CPU affinity comes to OpenBSD

Contributed by jj on from the one-core-is-for-pr0n dept.

This commit adds support for CPU affinity to OpenBSD.

This will help SMP performance by keeping processes on the same core/CPU if possible, in order to prevent cache flushing and having to repopulate it on the new CPU.
It might also pave the way for things like NUMA and improvements in scheduler locking, since it adds per-CPU scheduler queues. It also will help with hyper-threading performance work later on. Note that it is a work-in-progress, and as the commit message states, there is some guesswork on how to choose the 'best' CPU to land on.

Also note this, from tech@:
After updating your tree with this diff, please remove your kernel build directory before yelling that it's buggy. The dependencies on assym.h for some architectures were still buggy and didn't catch one dependency on a file that changed here, so at least amd64 will break horribly, even with make clean.

//art

(Comments are closed)


Comments
  1. By Anonymous Coward (83.101.57.138) on

    Cool, thanks! What is the overall status of SMP, actually? Is any work being done towards improving locking for instance?

    Comments
    1. By Anonymous Coward (98.127.110.254) on

      > Cool, thanks! What is the overall status of SMP, actually? Is any work being done towards improving locking for instance?

      Yes.

  2. By Vadim Zhukov (77.108.65.40) persgray@gmail.com on

    CVSROOT:        /cvs
    Module name:    src
    Changes by:     guenther@cvs.openbsd.org        2009/03/23 12:51:51

    Modified files:
            sys/arch/amd64/conf: Makefile.amd64

    Log message:
    Add missing dependency generation for assym.h (...the lack of which
    made testers of art's affinity diff go insane)

    ok krw@ miod@

    Comments
    1. By Anonymous Coward (24.255.120.7) on

      > Log message:
      > Add missing dependency generation for assym.h (...the lack of which
      > made testers of art's affinity diff go insane)
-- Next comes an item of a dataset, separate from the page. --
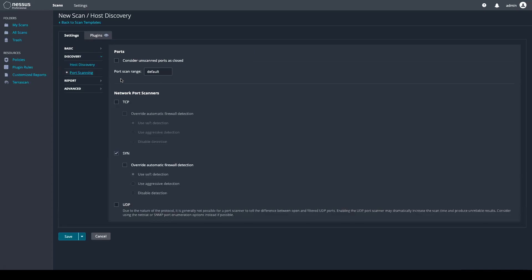I'll be using this scan range as an example. Once you have that port range determined, you can save it.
      Chiding CVS messages are, without a doubt, the funniest part of the development process.

  3. By Anonymous Coward (71.14.112.13) on

    Good news! Always glad to see SMP work, as they have become more prevalent.

  4. By Danno (192.75.63.254) on

    Nice. Any word on real kernel level threading work? I heard rumblings a few years ago, but as far as I know the OpenBSD pthread library is still entirely user space.

    Comments
    1. By Janne Johansson (jj) jj@inet6.se on www.inet6.se

      > Nice. Any word on real kernel level threading work? I heard rumblings a few years ago, but as far as I know the OpenBSD pthread library is still entirely user space.

      google for rthreads for more rumblings.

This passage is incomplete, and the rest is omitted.